EXERCISE GOAL: Return nothing but the lines from the line with "pink and white" through the last line of the entries that follow, copied exactly and free of pictures.

*** RECORDS PROVIDED Section Begins ***

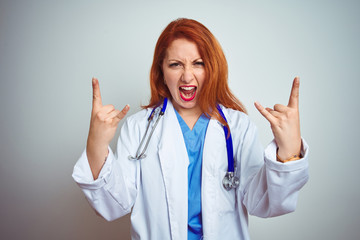 Sticker - Young redhead doctor woman using stethoscope over white isolated background shouting with crazy expression doing rock symbol with hands up. Music star. Heavy music concept.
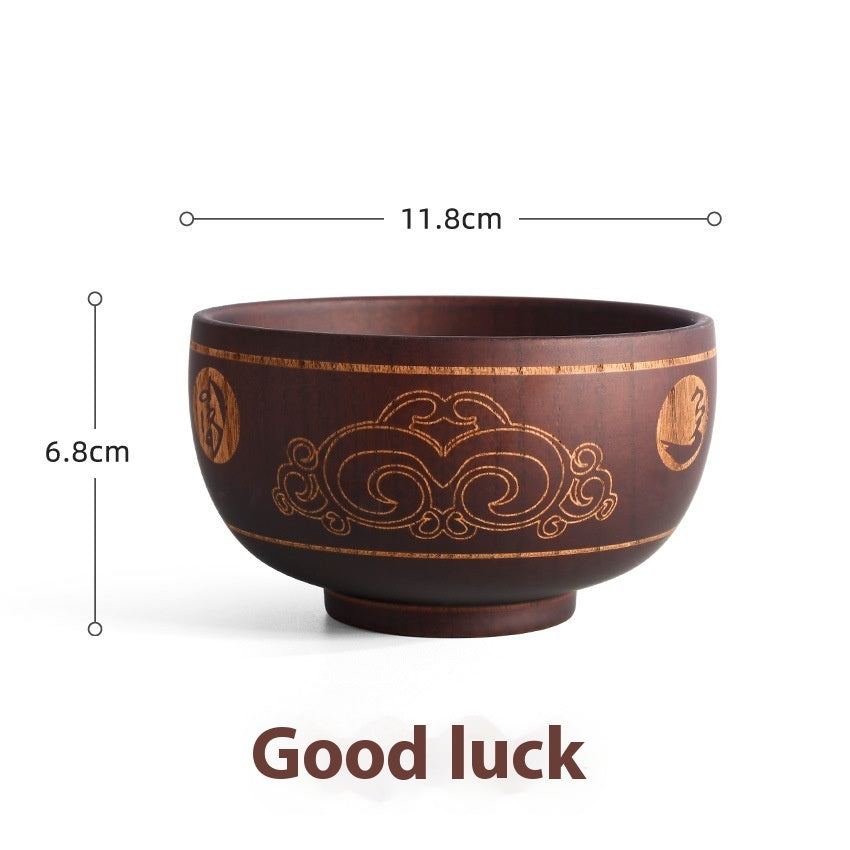 Carved wooden bowl with cattle, horse, and sheep designs from WoodyKitchenware Heritage Blessing collection, made of solid timber.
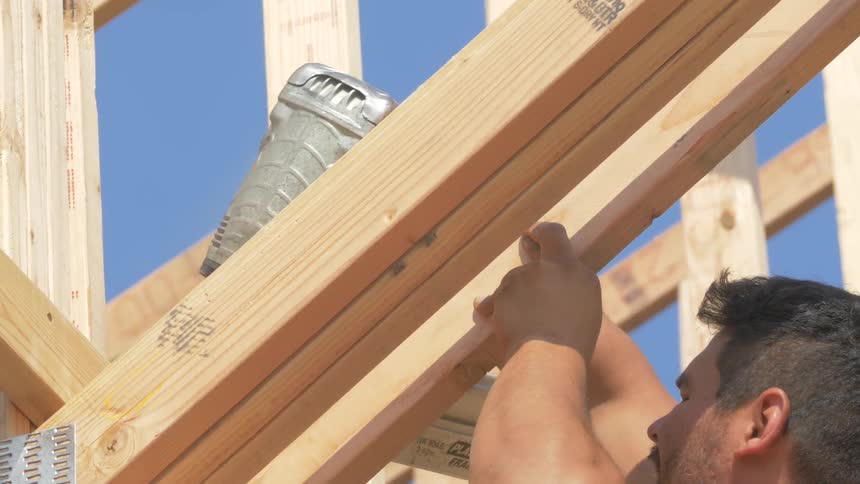 A man nails some beams on a house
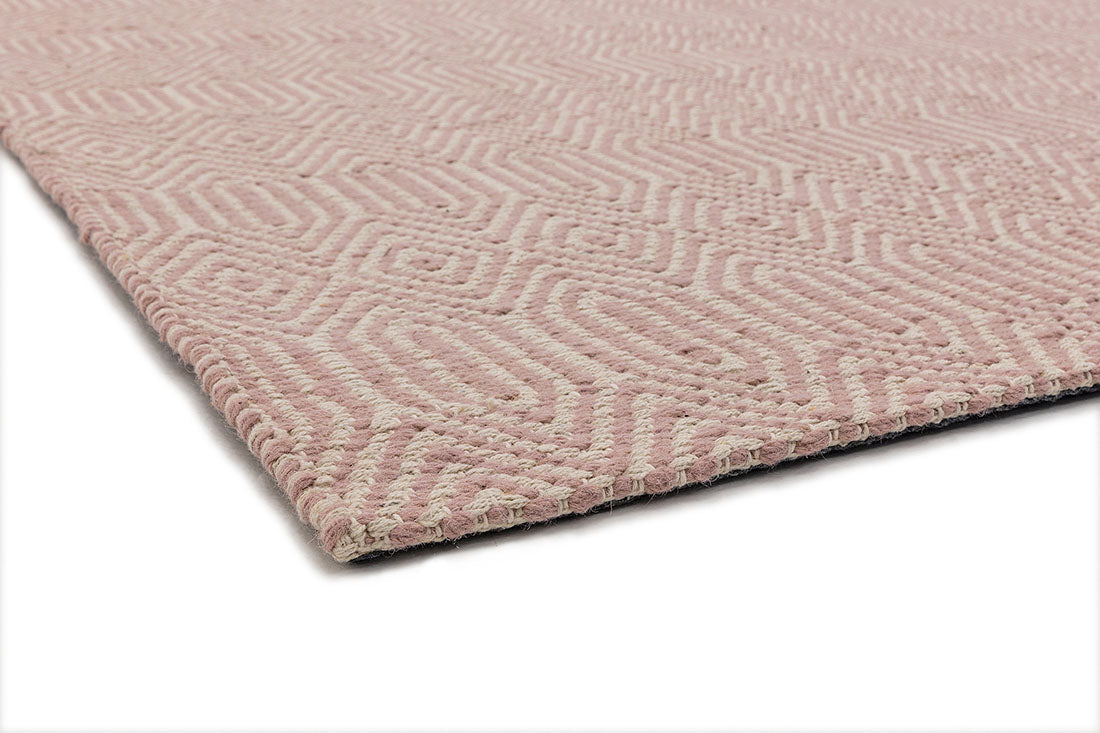 pink and white rug with a geometric aztec pattern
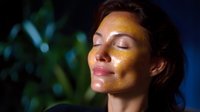 Young woman with closed eyes and glowing gold glitter makeup on face against dark background with bokeh lights, expressing serenity and wellness.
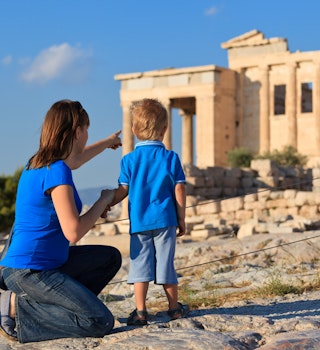 A woman kneeling next to a young boy points to the Acropolis in the distance in Athens.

*** RECORDS PROVIDED Section Ends ***

WRITTEN SOLUTION:
 pink and white rug with a geometric aztec pattern
 Young woman with closed eyes and glowing gold glitter makeup on face against dark background with bokeh lights, expressing serenity and wellness.
 A woman kneeling next to a young boy points to the Acropolis in the distance in Athens.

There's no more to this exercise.